Moving on from "in-cache". Last time we discussed general principles of cache architectures with examples from the IBM Power architecture. This time I'm repeating a bit, but trying to explicitly try out ideas for the Xeon architecture we have on the henry2 Blades.
Table 6.1 shows clock cycles for copying (loading and storing) a double word (64 bits= 1 double precision) on an IBM Power chip (the p690 we have here is a slightly later generation). The first column is for the preferred stride of 1 (2 to the 0 power). For 16 = 2^4 double words, 1.8 clock cycles for a load and store declining for 2^14 bytes to .688 bytes. But then for 2^15 bytes which is the cache size the time kicks back up to 1.829 clocks per load-store. So long as the total size of the message is larger than the stride and so long as the whole message fits in half of cache, then the copy times are reasonable (above the double line).
Here's a small program to determine copy rates.
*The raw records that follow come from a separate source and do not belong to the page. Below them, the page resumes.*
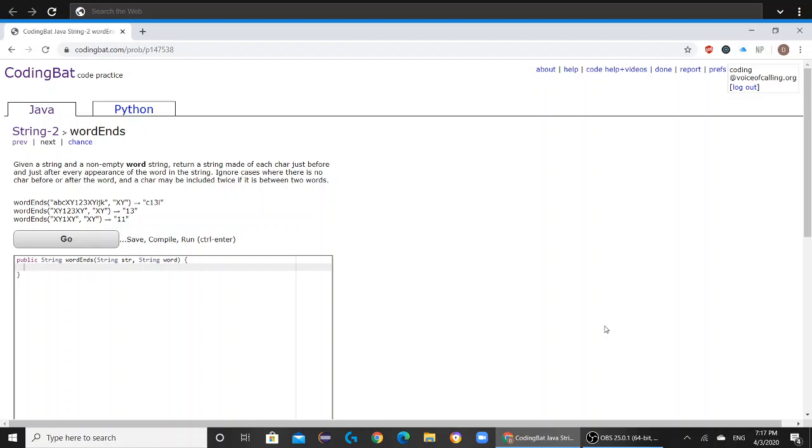Today we'll be solving string 2 word ends on codingbat.com. The question reads,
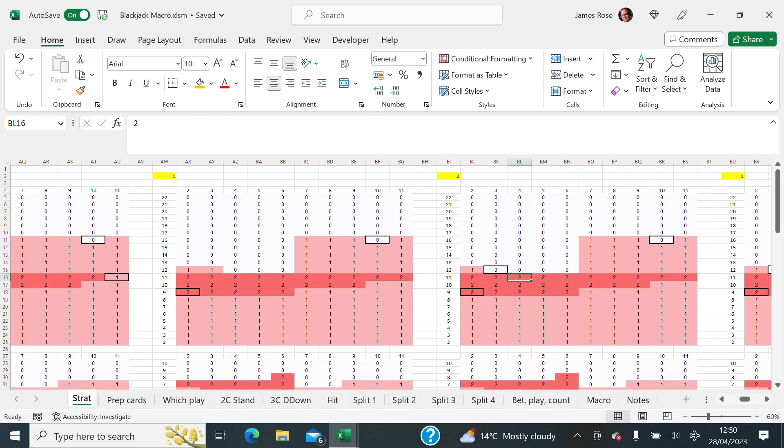But they're all in this sort of, there's so many tables to look at, because each of these numbers here depend on what the card count is, the running count. So anyone who does card counting will understand this.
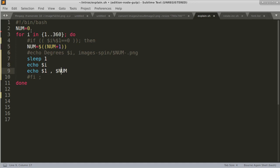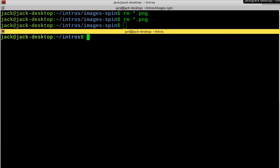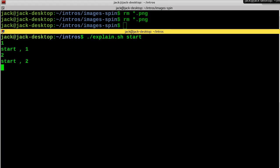This will print that number as it increases. Let's save this, go back, clear the screen, and run it — we can print anything we want. You can see: start one, start two, start three.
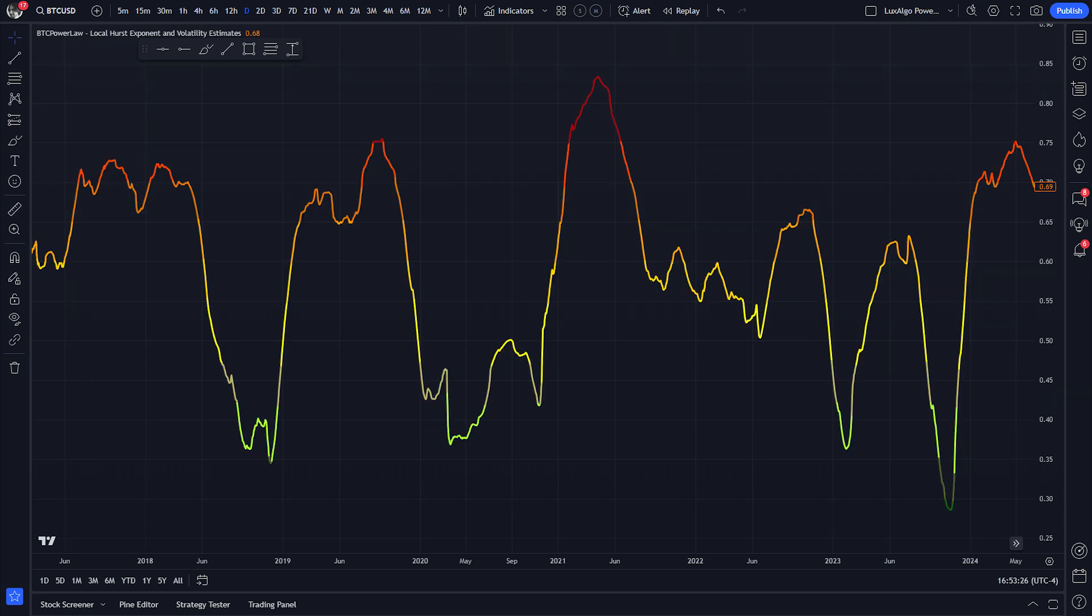Finally, we have the local Hurst exponent and volatility estimates. By identifying the degree of randomness in Bitcoin's price movements, the Hurst exponent helps predict periods of less or more predictability, providing unique insights into its future volatility and trends.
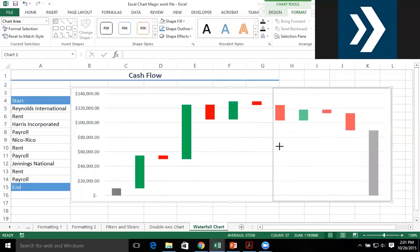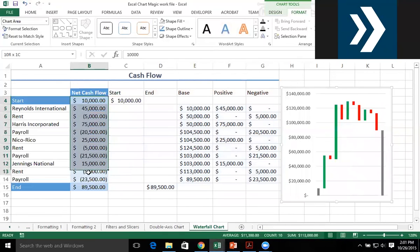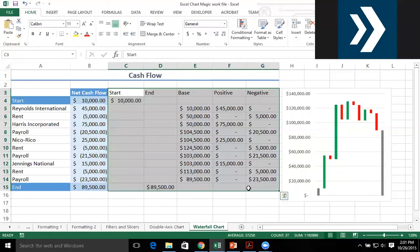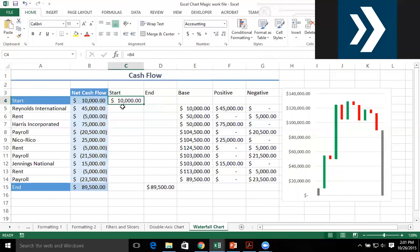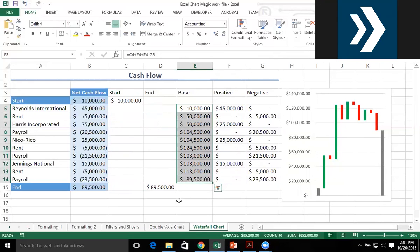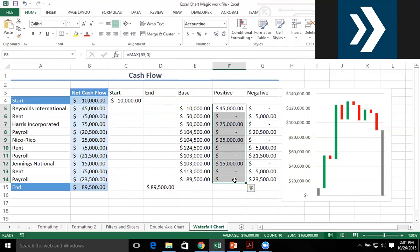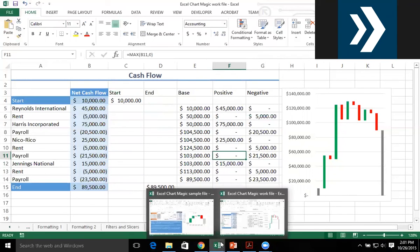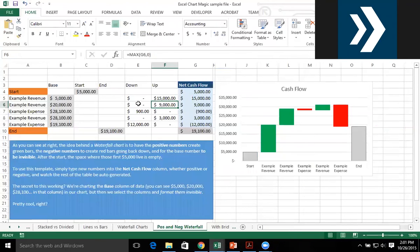What I did was take an existing cash flow report and blow it out into five columns: one column for a starting value, one for an ending value, one for the invisible base part, one for the green positive part, and one for the red negative part. This is one of those exercises that takes practice. Luckily, you have the sample file to put your own dollar amounts in, and you can also see the screenshots in the handout to help walk you through this process.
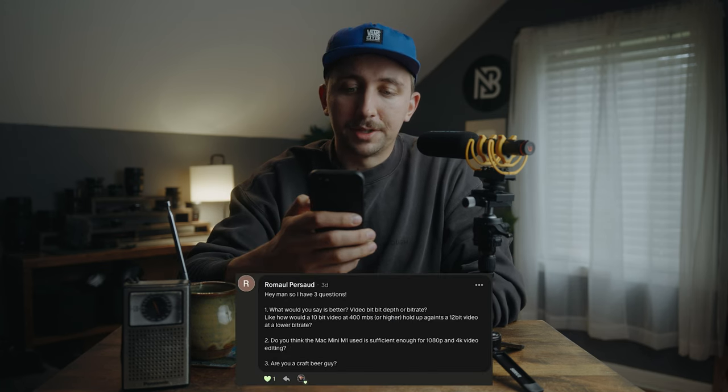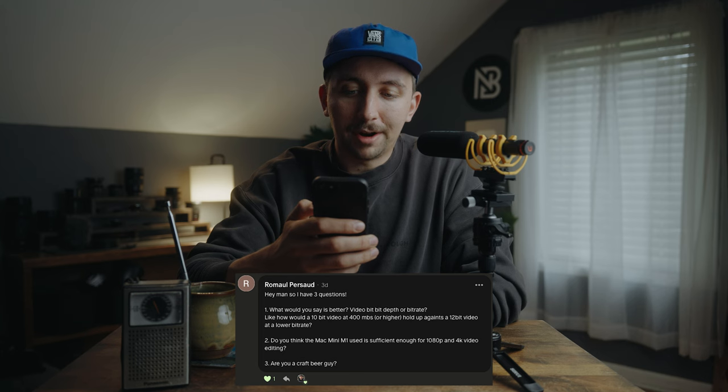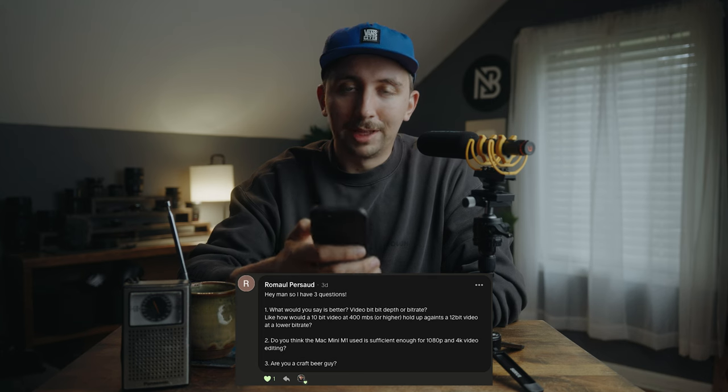SpeakPipe is a place where you can go leave an audio recording and I play it back here on the podcast — you get a little cameo. Patreon questions always come first. The first question on Patreon is from Ramal Persad. Ramal asks: what do you say is better — video bit depth or bit rate? How would a 10-bit video at 400 megabits per second hold up against a 12-bit video at a lower bit rate?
I compiled and ran this on the Blade Center.
program copy
c
c This program times copies of various sizes and strides
c The copies are repeated enough times to be timed with
c the C clock timer, which times (in Linux) with resolution
c .01 seconds. Caveat. clock times CPU time, where
c it may be that wall-clock time is more appropriate.
c
real*8 a(4000000), b(4000000)
integer*8 i,j,k,n, its , jstart
real*4 ftime, pretim, entim
external ftime
print*, 'input message size'
read*, n
print*, 'input stride'
read*, k
do i=1,4000000
a(i) = i
end do
its = 10000000/n
pretim = ftime()
i = 1
do j = 1, its
c do its copies, so that the total number of copies is about 1.d7
jstart = j*i*k - 3000000*((i*j*k)/3000000)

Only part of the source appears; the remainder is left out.